I was late receiving my January copy of Motor Sport and have just this very minute read Mr. Pflaumer’s letter on the future of MG. Now I have never before written to any paper or magazine, but for a long time I have been wanting to express the thoughts presented in this gentleman’s letter.

Yes, there are thousands of us, especially in the MG Car Club, who deplore the lack of vision shown by B.L. in trying to drown Abingdon in a sea of Triumph unwanted **** perhaps I had better not use the word.

Leyland seem to be completely unaware of the magic of MG. Perhaps they ought to read “Maintaining the Breed” by John Thornley to realise that the Octagon has a history unmatched by any sports-car manufacturer in the world. That Europe would welcome the MG-B and Midget with open arms if only they had the sense to get them across the Channel. Where else can you buy a sound open sports car for around £3,000. Certainly not on the Continent where the choice is limited to cars costing twice, thrice or even four times that figure.

When the MG Car Club gathered at Hausach in the Black Forest in 1973 and 1976, the Continentals were running into each other on the Autobahns with excitement at seeing such a grand sight as numerous Abingdon cars, some old some new, but all heading for a common goal where MG was the only make to be seen. Enthusiastic members from Centres in all parts of the World were there and the affection for the marque shown by all had to be seen to be believed.
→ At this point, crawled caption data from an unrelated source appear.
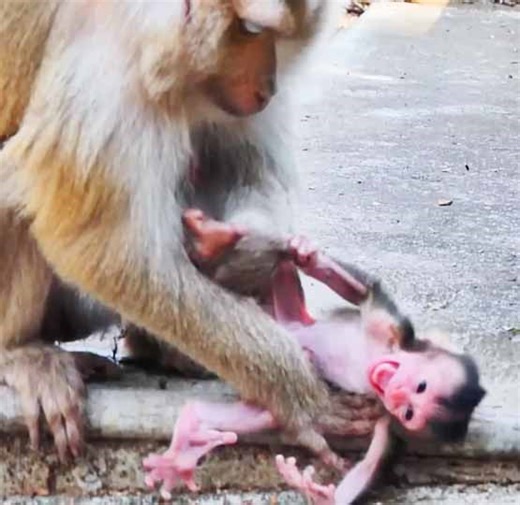 50K views · 1.3K reactions | Heartbreaking video to see mom mistreat to abandoned her newborn baby monkey so mean | Monkey Daily TV | Facebook
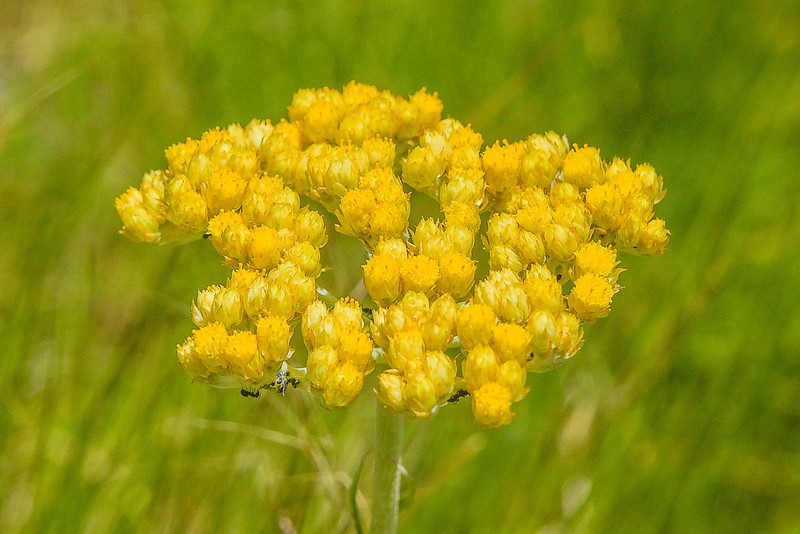 Helichrysum miconiifolium photo 6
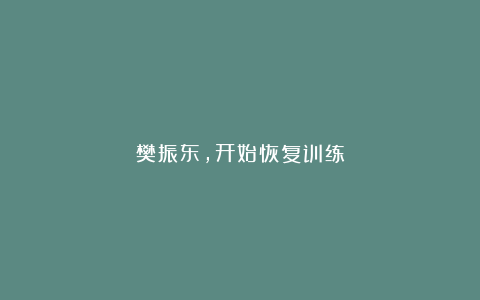 樊振东,开始恢复训练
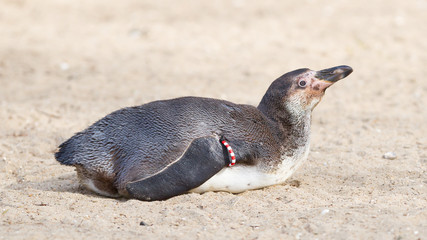 Humboldt penguin close up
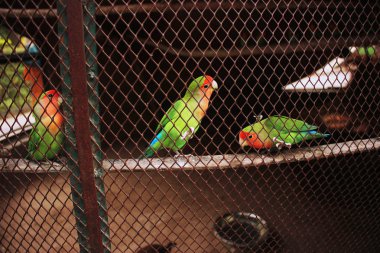 Kafes içinde güzel ve renkli Parrot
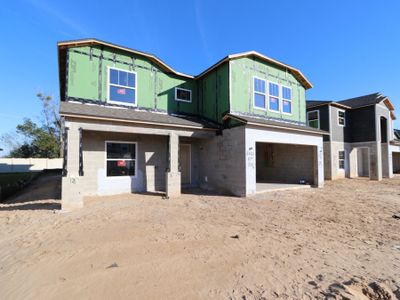 New construction Single-Family house 12146 Hilltop Farms Dr, Dade City, FL 33525 Cabo- photo 47 47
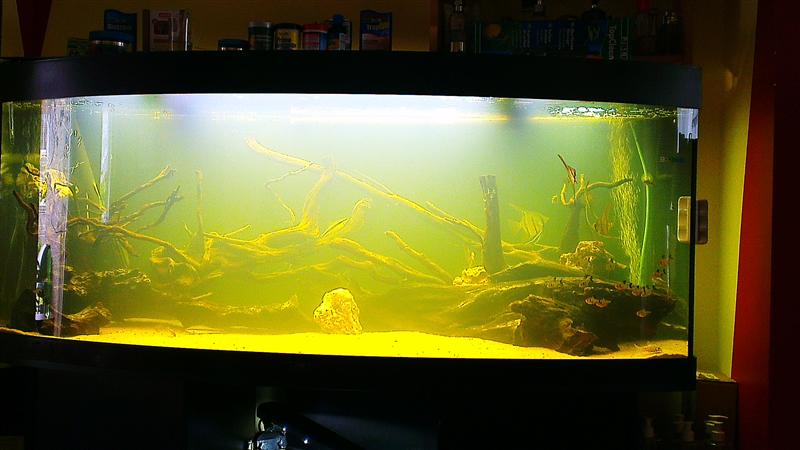 IMAG0669 (Custom).jpg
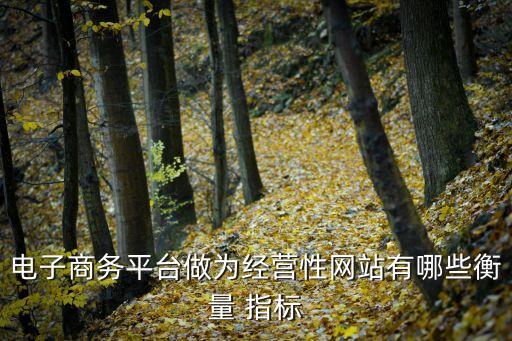 電子商務(wù)平臺(tái)做為經(jīng)營(yíng)性網(wǎng)站有哪些衡量 指標(biāo)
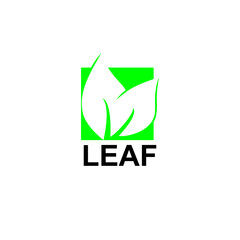 Leaf Logo, Design, Image, Green, Nature, Vector
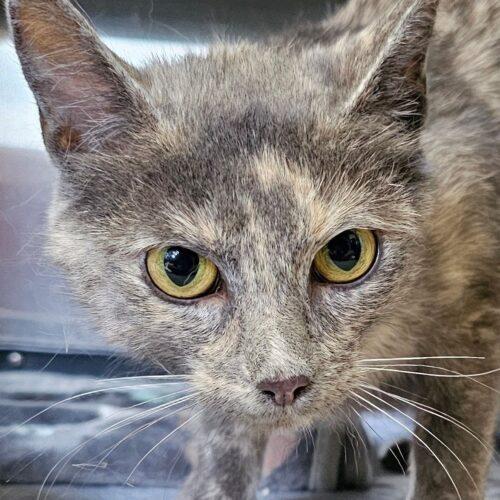 Enlarge Noodle 5523C, a Adoptable Domestic Short Hair in Frankfort, KY image 5/5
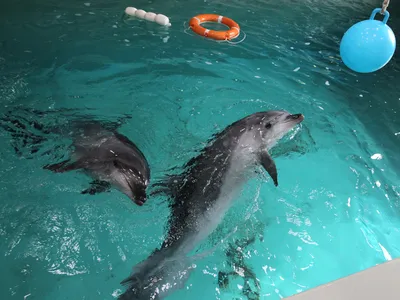 дельфины плавают в глубоком синем море, группа дельфинов плывет под водой,  Hd фотография фото, вода фон картинки и Фото для бесплатной загрузки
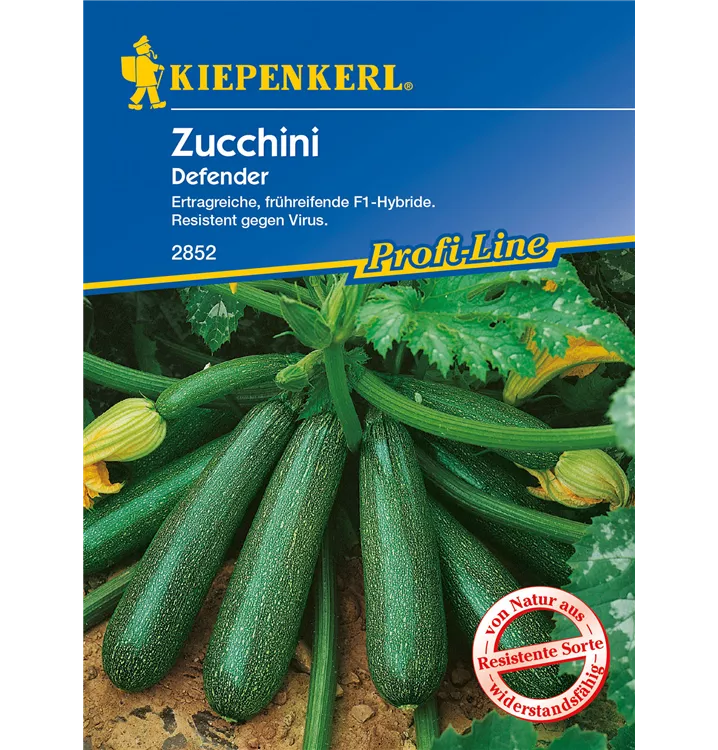 Cucurbita pepo subsp. pepo convar. giromontiina 'Defender F1'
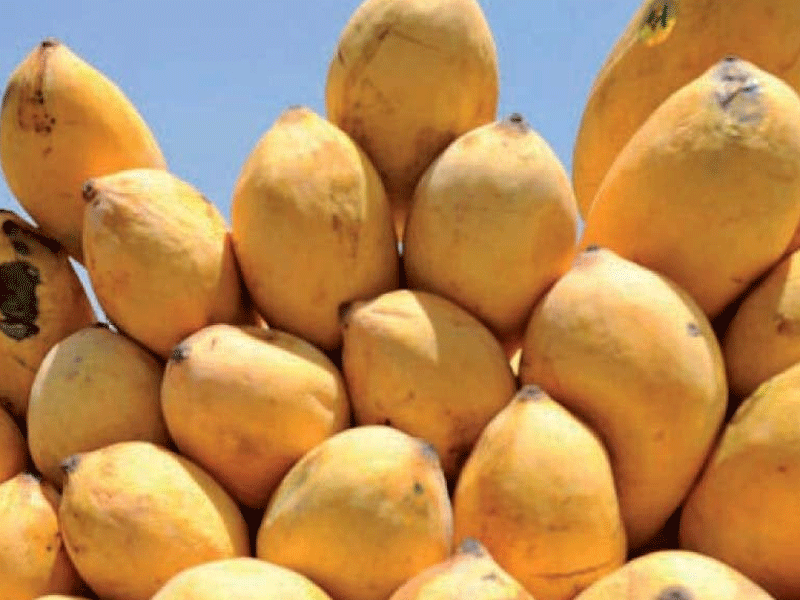 Commerce Minister highlights need to boost Pakistani mangoes, dates export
I can never understand why Leyland have never realised the fanaticism existing in all parts of the globe. Do they know for instance that the MGCC has had a Centre in Japan for a number of years, plus one in practically every European country, more in America than you can count and all this in spite of the fact that they will not allow Abingdon to continue to provide honest, sound and much-loved sports cars?
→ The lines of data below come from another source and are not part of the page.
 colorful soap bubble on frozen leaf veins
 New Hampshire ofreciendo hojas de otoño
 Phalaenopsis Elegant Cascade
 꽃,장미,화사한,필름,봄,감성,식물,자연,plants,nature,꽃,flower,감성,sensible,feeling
The MG-B has been a money spinner, indeed the greatest production run of any sports car in the World, so when one considers that Morgans have a waiting list of years, then why not let Abingdon continue to turn out the much-loved “B” indefinitely. Yes I know it is out-of-date, hasn’t got fully independent suspension, nor a short-stroke engine, but it has given a great deal of pleasure, not only to myself, who has owned five. But it is a sound and, what is more important, a very safe car. Nor has Leyland let the customers know all the recent improvements, many of which are very much appreciated, at no increase in price. Perhaps they were afraid TR7s would suffer even more.

Abingdon must be the most trouble free factory in the Leyland empire; why not let them get on with making profitable sports cars which we the public want? I say here and now, that no Triumph, even with an MG badge on the front, will ever rest in my garage. I shall keep my present ’77 MG-B indefinitely if they stop the run.

I know that this letter is signed in spirit by 220 members of the Tyne/Tees Centre of the MG Car Club. I have no doubt that the remaining 10,000 or so in other parts of the world will echo at least most of my thoughts.